PROMPT: Task for the records below: copy exactly from the first line on, stopping once the line with "AMD Clings to" is copied, and leave out the pictures.

[Saved data entries]
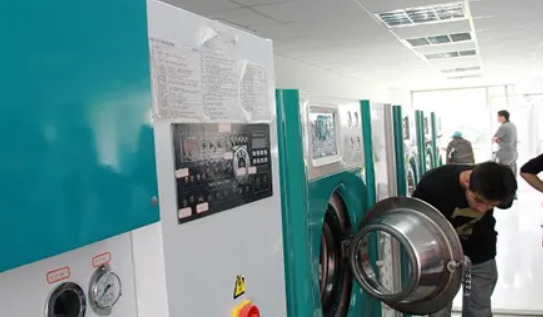 干洗店加盟连锁技巧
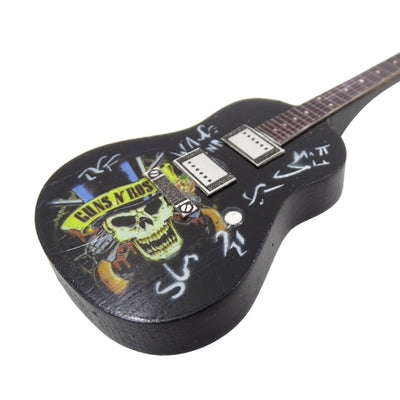 Přívěsek na klíče kytara ve stylu Guns N' Roses - Tribute EGK-0627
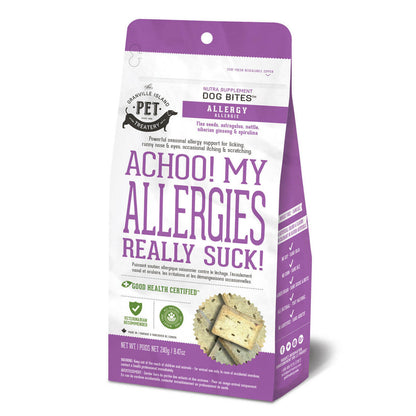 Achoo! My Allergies Really Suck!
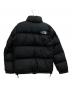 THE NORTH FACE (ザ ノース フェイス) ヌプシダウンジャケット ブラック サイズ:M：17000円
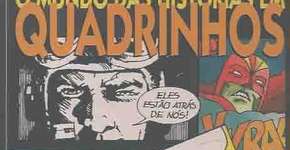 O mundo em quadrinhos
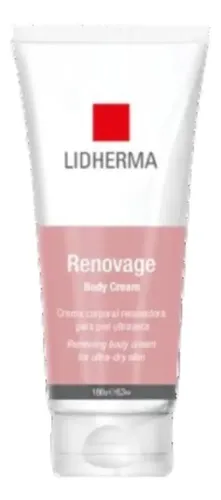 Lidherma Renovage Corporal Ultra Hidratante X 180 Con Urea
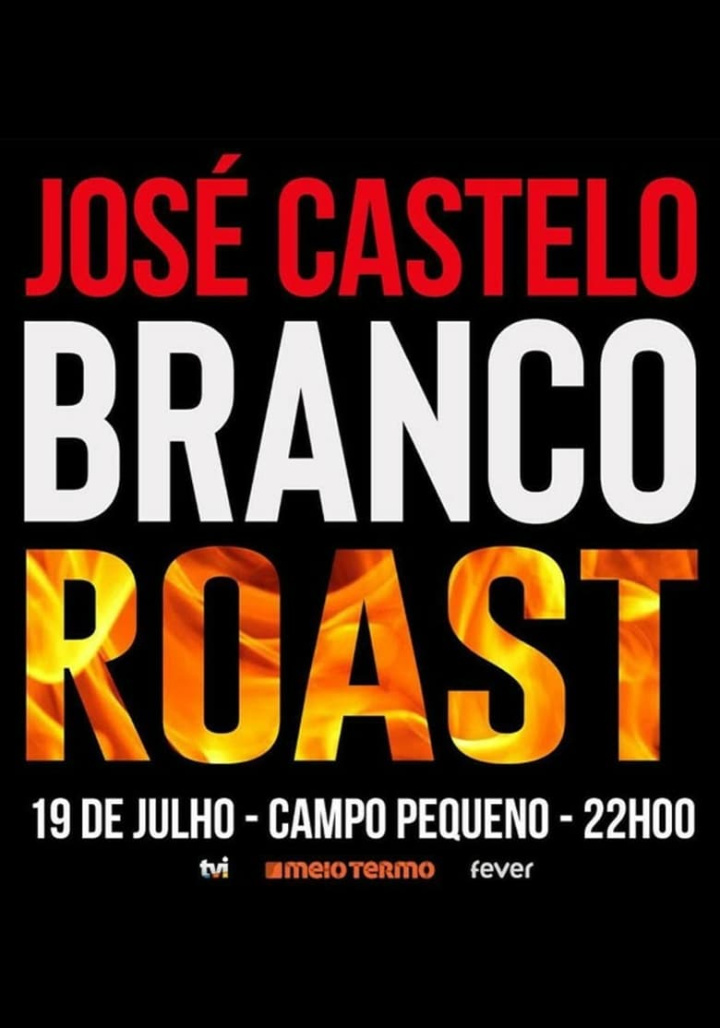 Roast José Castelo Branco i gruppen Alla filmer / Comedy hos Mohamad shop (647868)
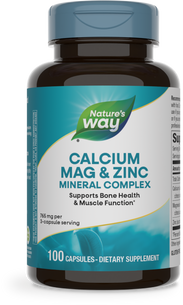 Calcium-Magnesium-Zinc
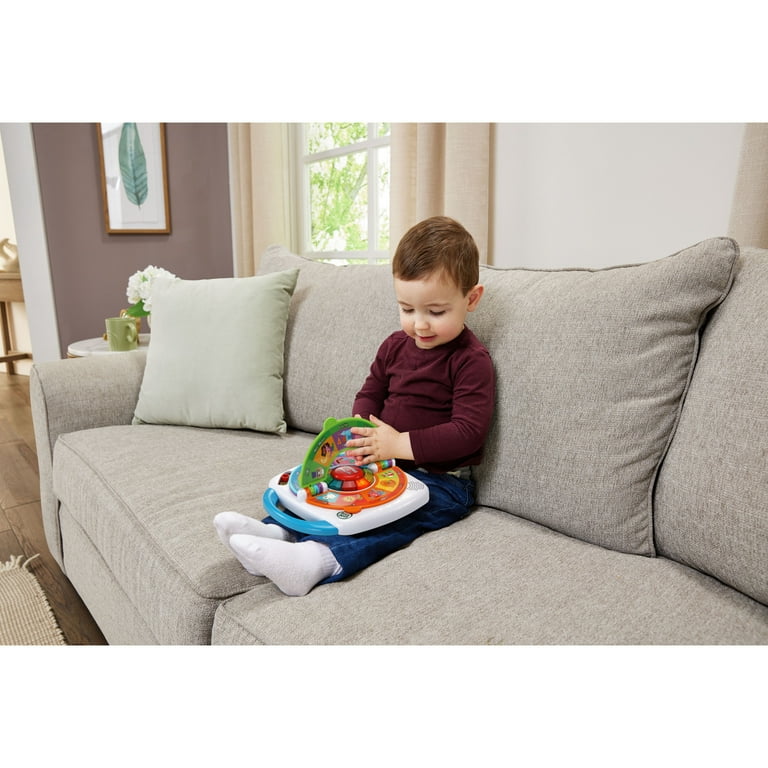 LeapFrog Get Ready for Phonics Spin & Learn - Educational Toy for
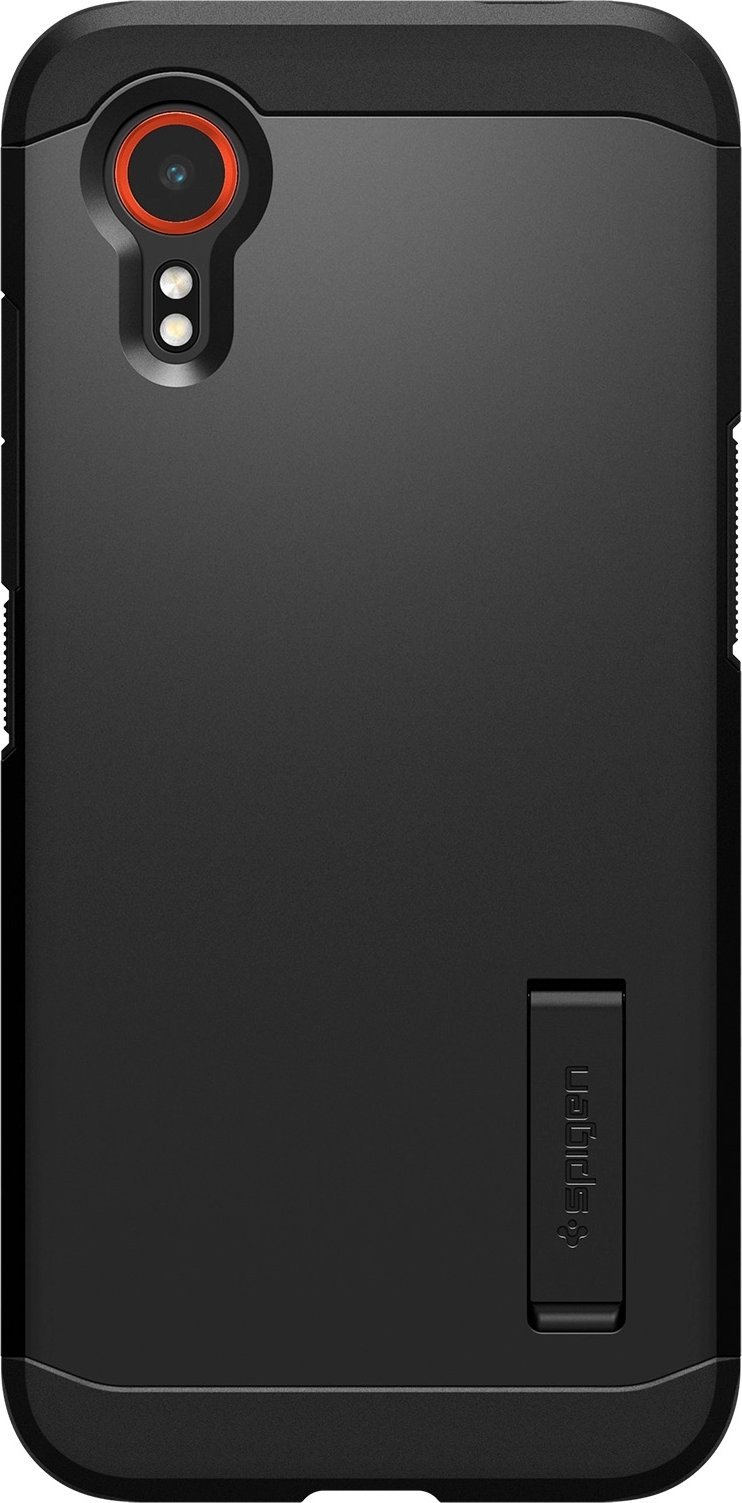 Spigen Pouzdro Tough Armor, černé - Samsung Galaxy XCover 7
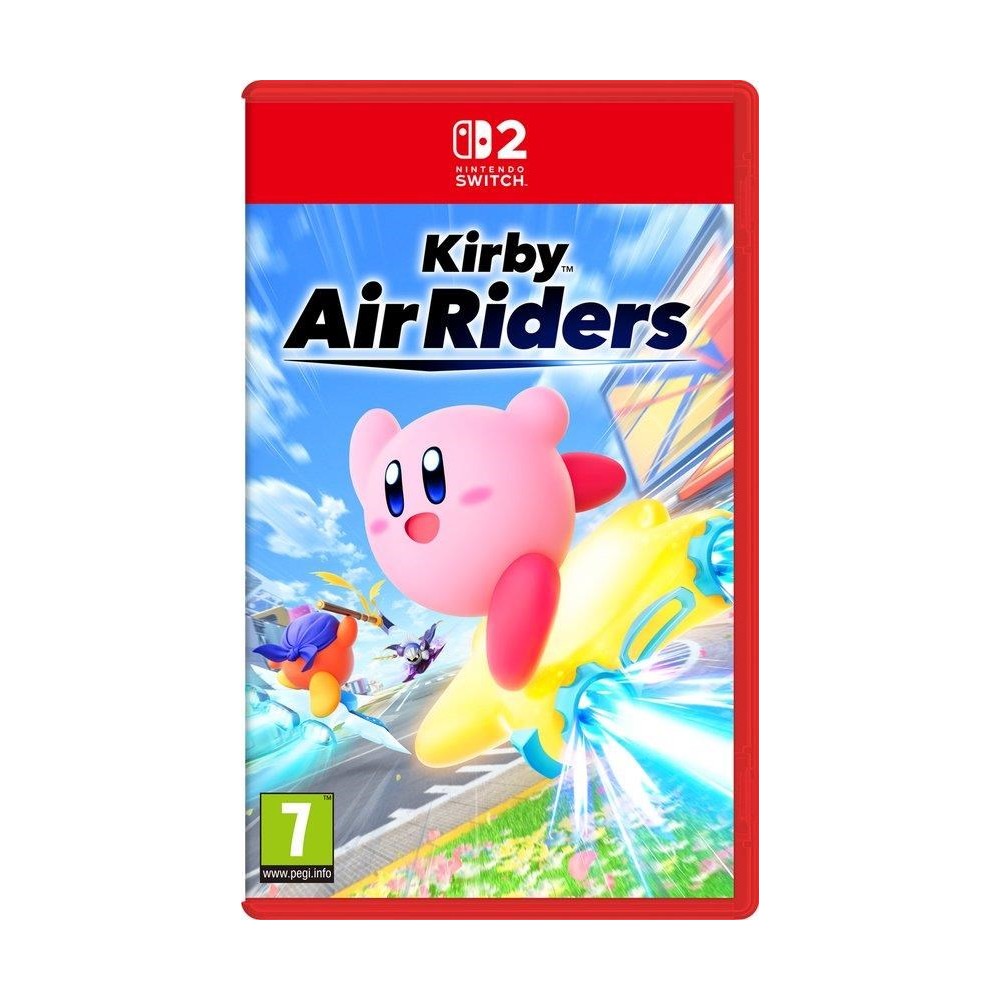 Kirby Air Riders (Nintendo Switch 2) Kirby Air Riders (Nintendo Switch 2)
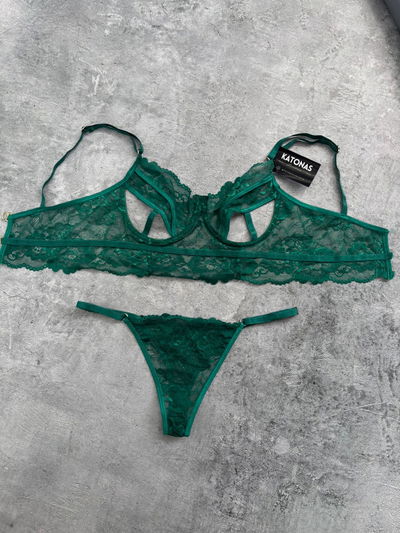 Geminis verde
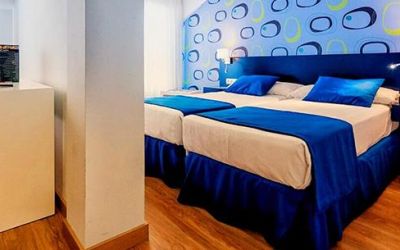 Hotel Bemon Playa, Somo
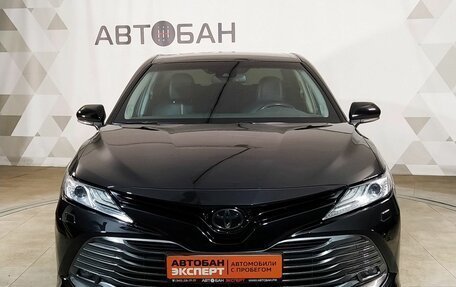 Toyota Camry, 2021 год, 3 349 000 рублей, 2 фотография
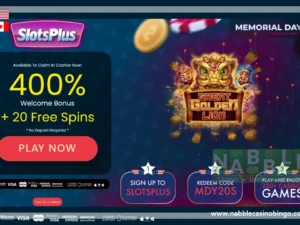 Slots Plus casino bonus codes 05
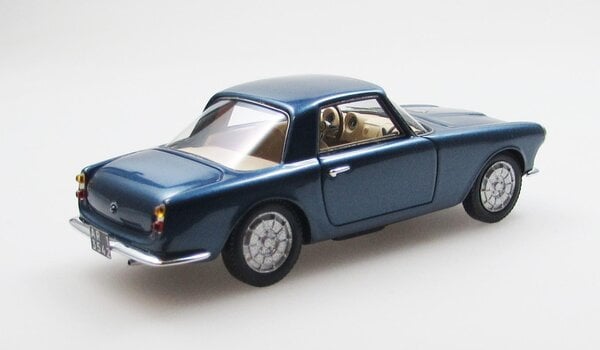 Osca Osca 1600 Fissore Coupe 1961 - 1:43 - Esval Models Osca Osca 1600 Fissore Coupe 1961 - 1:43 - Esval Models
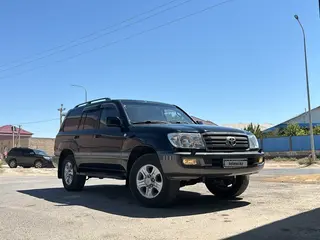 Toyota Land Cruiser, 2006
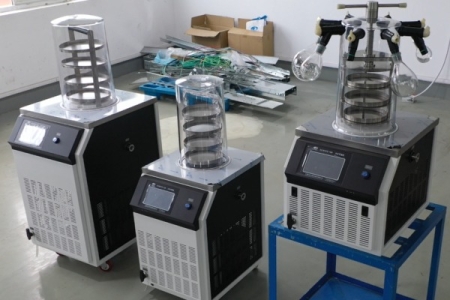 實驗室真空冷凍干燥機真空度的精準控制與優(yōu)化策略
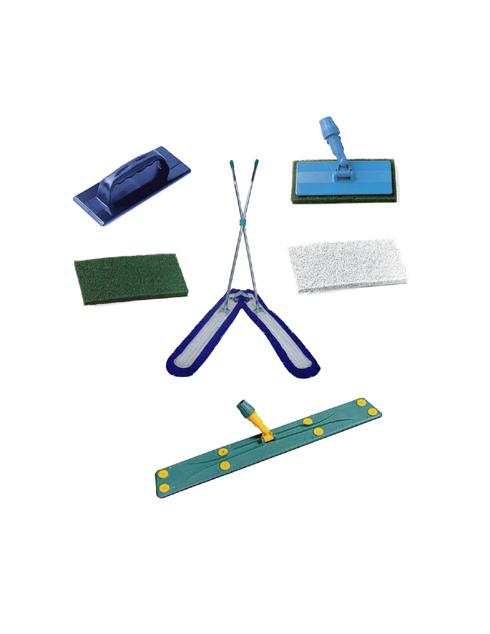 स्मार्ट क्लीनिंग टूल्स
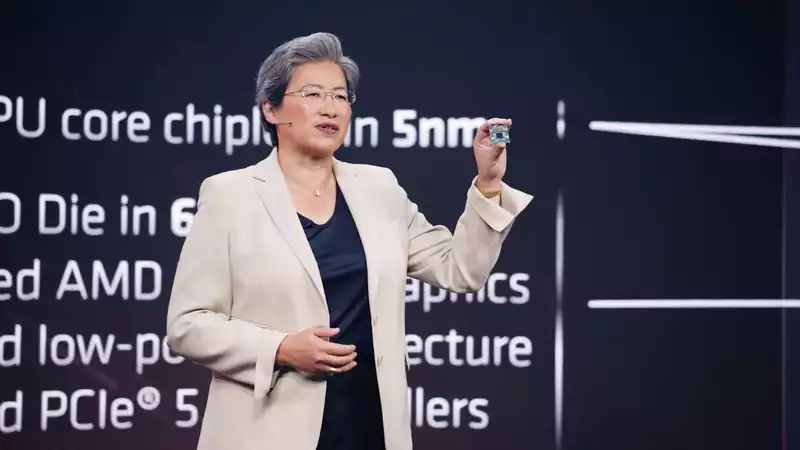 AMD Clings to Surplus as Intel Runs Out of Cash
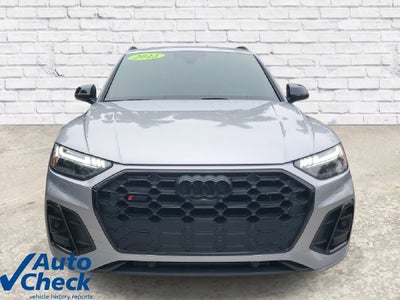 2023 Audi SQ5 Prestige TFSI quattro Tiptronic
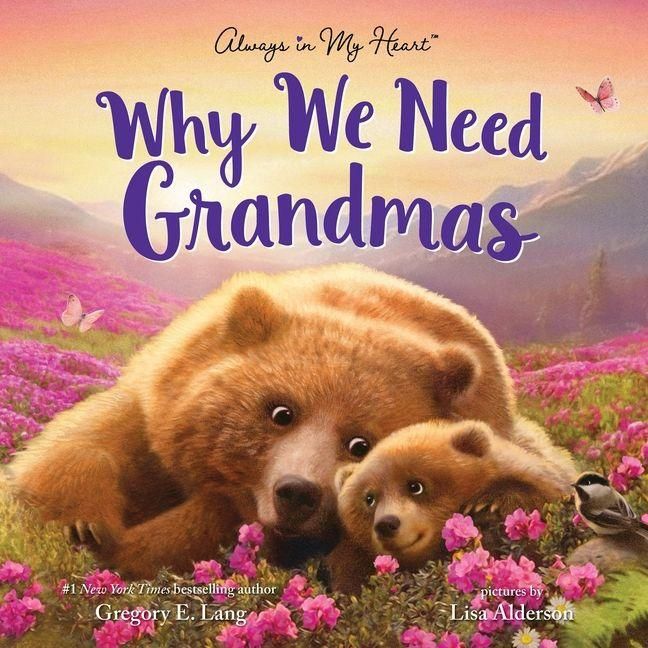 Produktbild: Why We Need Grandmas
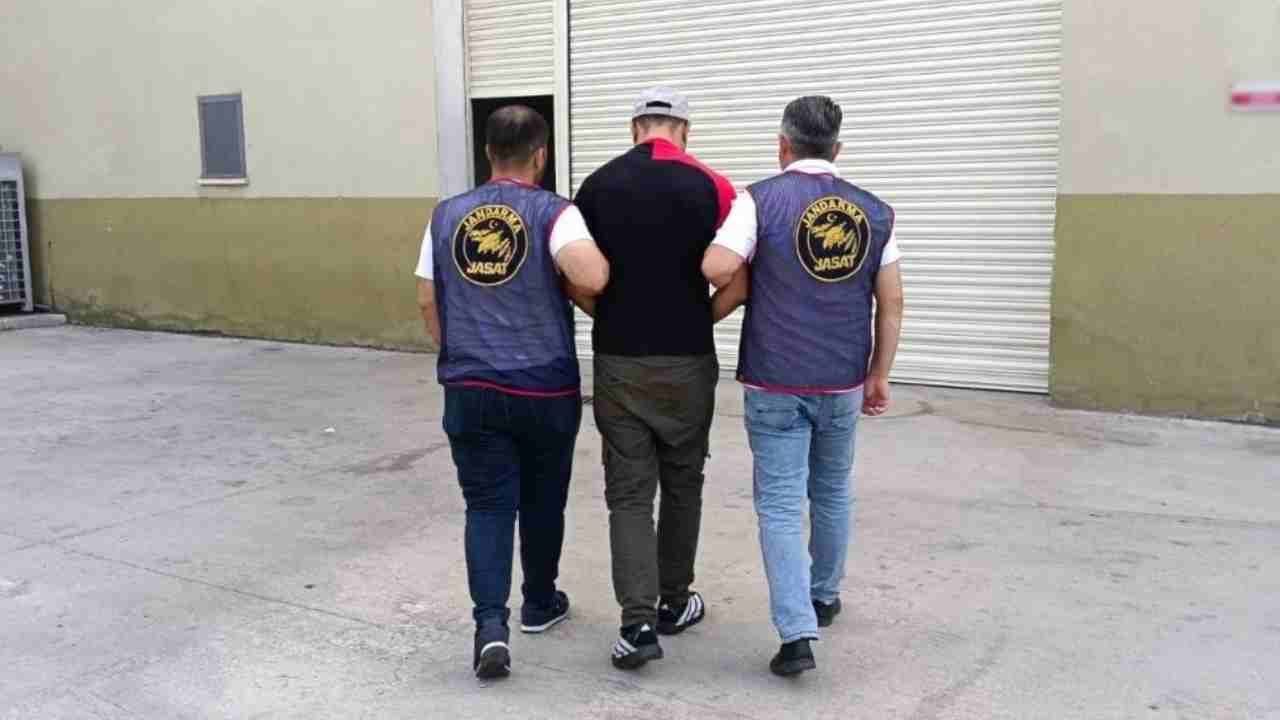 Gaziantep'te Suç Makinesi Yakalandı! Tam 31 Suç Kaydı Vardı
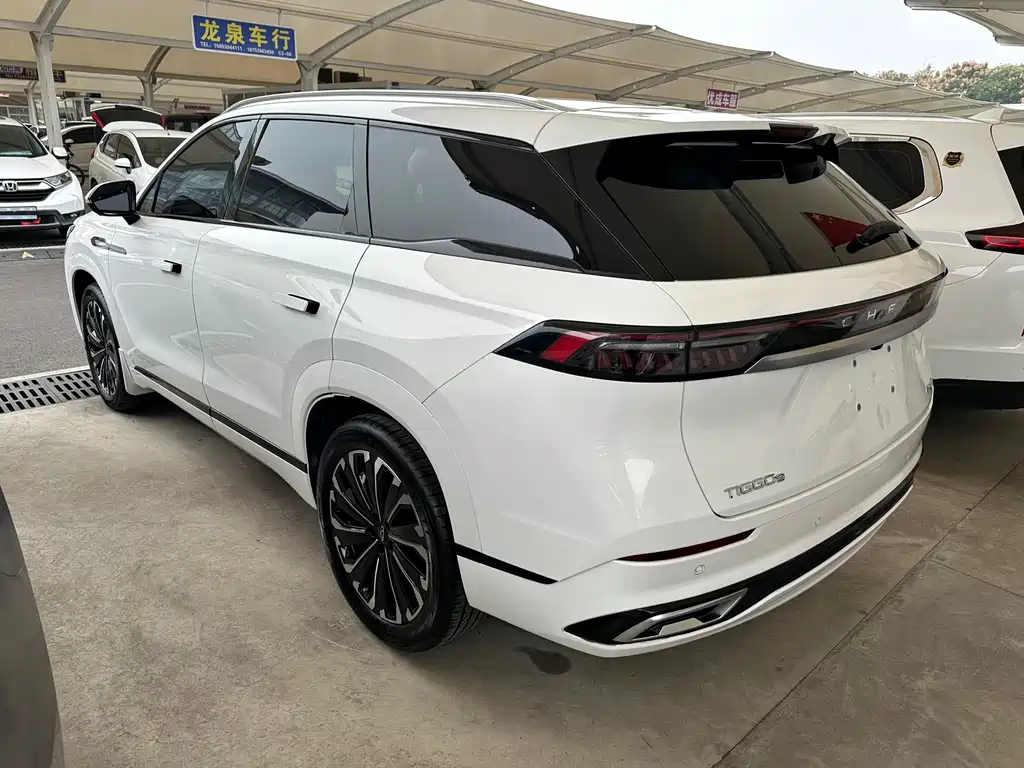 Chery Tiggo 9 — миниатюра 10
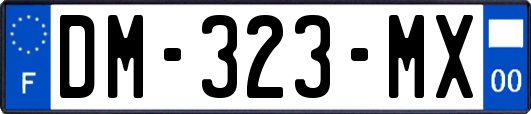DM-323-MX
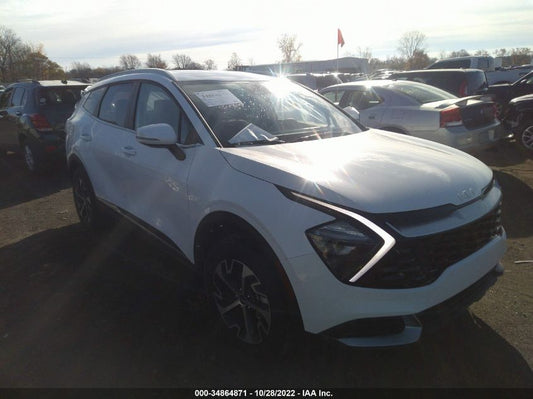2023 KIA SPORTAGE EX VIN: 5XYK3CAF2PG013941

WRITTEN ANSWER:
 干洗店加盟连锁技巧
 Přívěsek na klíče kytara ve stylu Guns N' Roses - Tribute EGK-0627
 Achoo! My Allergies Really Suck!
 THE NORTH FACE (ザ ノース フェイス) ヌプシダウンジャケット ブラック サイズ:M：17000円
 O mundo em quadrinhos
 Lidherma Renovage Corporal Ultra Hidratante X 180 Con Urea
 Roast José Castelo Branco i gruppen Alla filmer / Comedy hos Mohamad shop (647868)
 Calcium-Magnesium-Zinc
 LeapFrog Get Ready for Phonics Spin & Learn - Educational Toy for
 Spigen Pouzdro Tough Armor, černé - Samsung Galaxy XCover 7
 Kirby Air Riders (Nintendo Switch 2) Kirby Air Riders (Nintendo Switch 2)
 Geminis verde
 Hotel Bemon Playa, Somo
 Toyota Camry, 2021 год, 3 349 000 рублей, 2 фотография
 Slots Plus casino bonus codes 05
 Osca Osca 1600 Fissore Coupe 1961 - 1:43 - Esval Models Osca Osca 1600 Fissore Coupe 1961 - 1:43 - Esval Models
 Toyota Land Cruiser, 2006
 實驗室真空冷凍干燥機真空度的精準控制與優(yōu)化策略
 स्मार्ट क्लीनिंग टूल्स
 AMD Clings to Surplus as Intel Runs Out of Cash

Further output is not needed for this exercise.